Pubblicato Dicembre 2017 in Attualità

Parlare di decadenza del cinema italiano è una consuetudine ormai conclamata, ma il ramo delle produzioni di fiction neanche se la pas­sa tanto bene.... A conti fatti le motivazioni per cui ritengo (e non sono il solo) che la fiction italiana stia vivendo un vero e proprio periodo di crisi (è cattivo dire o pensare che non è mai propriamente decolla­ta?) sono diverse:
La prima caratteristica evidente della fiction nostrana è l’assoluta mancanza (o quasi) di voglia di rischiare e provare a mettersi in gioco; Tutte le altre serie italiane che sono state fatte negli ultimi anni sulla RAI sono molto spesso in costume o ri­guardano personaggi storici: molto più semplice tra­sporre una storia già scritta piuttosto che inventarne una da zero.
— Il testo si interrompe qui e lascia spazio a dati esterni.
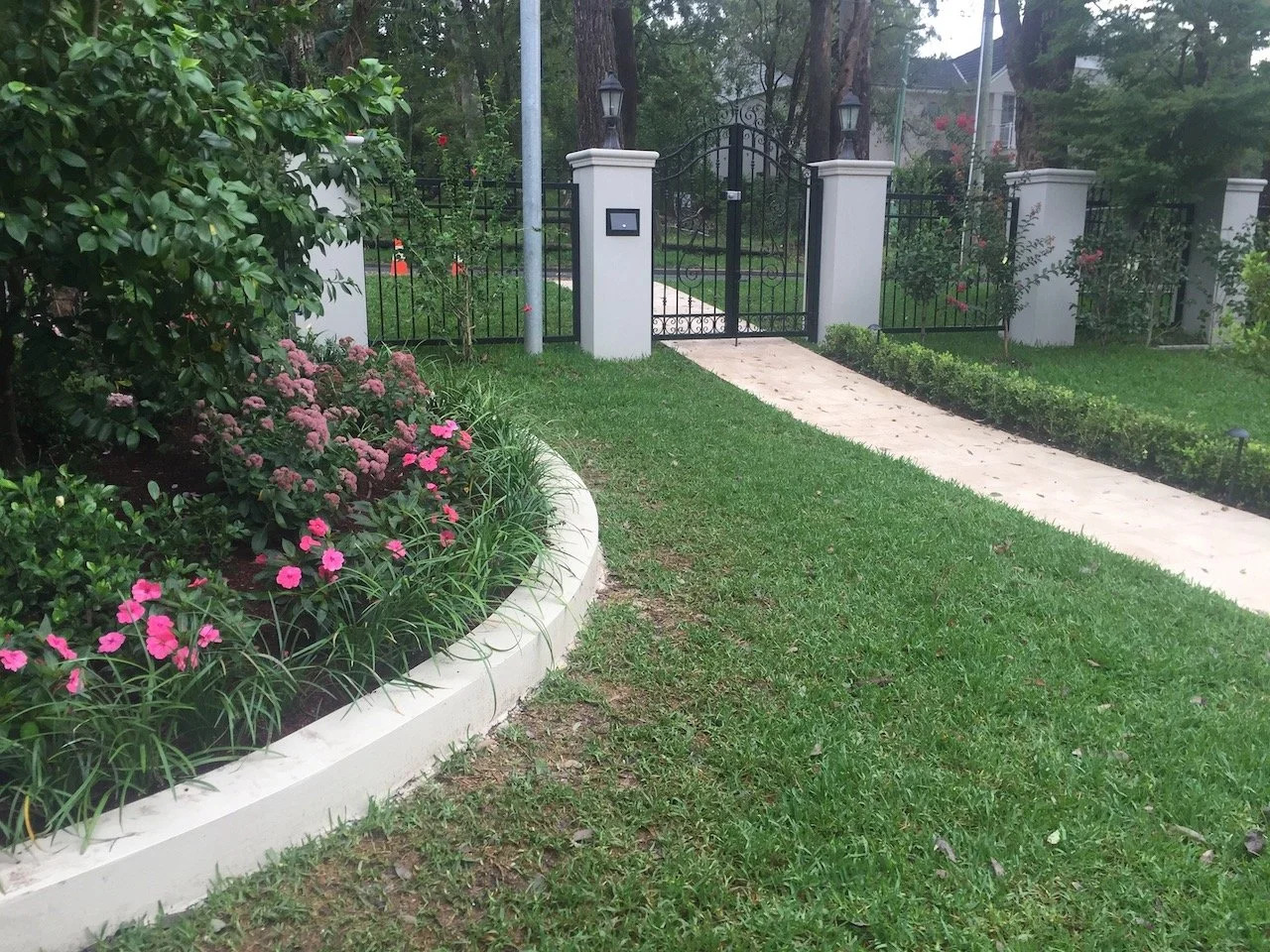 Curved garden bed with pink flowers and banded lawn edging beside the Warrawee pedestrian gate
A Mediaset invece si cerca di fare serie che abbiano più azione ma, ar­rivati alla quin­dicesima stagione di una serie interminabile, lo spettatore inevitabilmente si accorge che le idee sono ormai le stesse. Poi il nulla. Non si trat­ta solo di cambiare inevitabilmente attori, è pro­prio che la storia fa acqua da tutte le parti, forse la voglia di mettere a tutti i costi una trama oriz­zontale sta fortemente penalizzando le serie. E dopo aver parlato del filone “forze dell’ordine” e di quello “storico”, perché non menzionare le serie scritte e girate strizzando l’occhio all’italiano medio con tanto di buonismi retorici vari e famigliole felici. O peggio ancora i drammi fintissimi da telenovelas… In Italia non si rischia e difficilmente si vedranno mai storie come “Orange is the new black”.
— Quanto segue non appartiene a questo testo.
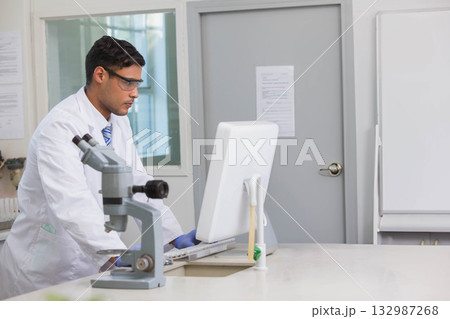 Male researcher wearing lab coat, gloves typing on PC at lab bench with microscope, pipette stand 132987268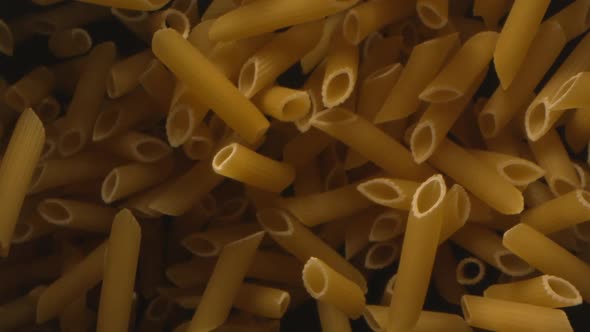 Pasta Penne Is Tossed In The Air In Slow Motion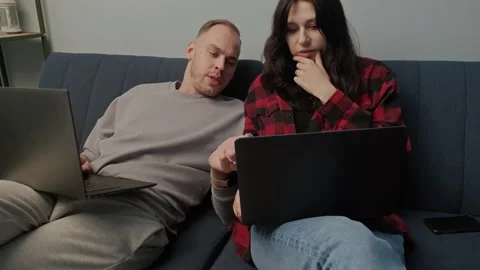 Digital couple works or studies on laptops in cozy home setting. Trendy concept Stock-Footage 283852947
Sfortunatamente il fatto che troppo spesso i protagonisti delle fiction italiane siano per­sonaggi famosi (non necessariamente atto­ri), magari riciclati da qualche reality, non può che influenzare negativamente la recitazione e quindi la resa della fiction stessa, oppure solo immagine di se stessi per le ragazzine innamorate e non per cultura e recitazio­ne impegnata.
I punti interrogativi sono d’obbli­go. Questa è la scusa tipica che tira­no fuori gli addetti ai lavori quando si tenta di fare un paragone tra la fiction nostrana e i prodotti tele­visivi d’oltreoceano: il tutto alla fine ruota intorno all’originalità della storia, prima che ai mezzi di trasposizione. Ma se voglia­mo fare paragoni con serie di qualità non dobbiamo neanche per forza andare oltreoceano, basta vedere quello che fanno in Inghil­terra. E la BBC è forse uno dei network più simili alla RAI, sia per come è organizzata che per i budget; e anche i numeri di episodi a stagione sono inferiori rispetto a quelli americani. Eppure di serie inglesi di qualità ce ne sono a bizzeffe. Come mai?
Uno dei più grandi problemi della TV italiana, perché per parlare di fiction è inevitabile parla­re anche di reti televisive, è la mancanza di com­petitività. Nonostante adesso esista il digitale terrestre e una varietà maggior di canali, quel­li che la fanno da padrone sono i soliti 8: RAI1, RAI2, RAI3, Rete4, Canale5, Italia1, LA7 e MTV. Se già di per sè la competitività è minima perché ci sono solo due grandi network (RAI e Mediaset). Non è un caso che le migliori serie italiane come Go­morra, Romanzo Criminale o The Young Pope arrivi­no da Sky. Fatte senza dover rendere conto a nes­suno, sono impostate all’americana sia per quanto riguarda le storie, ma soprattutto per quanto riguar­da il livello di cast tecnico.
Il melodramma e la satira sono generi che sono nati nel nostro paese e che hanno anche una ra­gione d’essere e una storia autonoma, peccato che monopolizzino le produzioni per il gradimento che hanno sul pubblico. L’assurdo è che l’Italia ha una tradizione cinematografica invidiabile su tanti fronti: i kolossal, il cinema realista, il cinema di protesta, il western, l’horror anni 70-80. In questo senso siamo probabilmente il secondo paese dopo gli USA per tradizione cinematografica, considerando l’ampissi­ma gamma di scuole che abbiamo fondato. Non è perciò un problema di contenuti ma piuttosto di ap­piattimenti stilistici e attori mediocri. Tanto è vero che i pochi registi con una cifra stilistica diversa, del­la commedia generazionale di Muccino o il dramma espressivo di Sorrentino, fanno fortuna anche all’e­stero.
Perdonate l’ardire, ma di mazzi di 3 rose appassi­te e di preti/investigatori ci siamo un pochino stan­cati.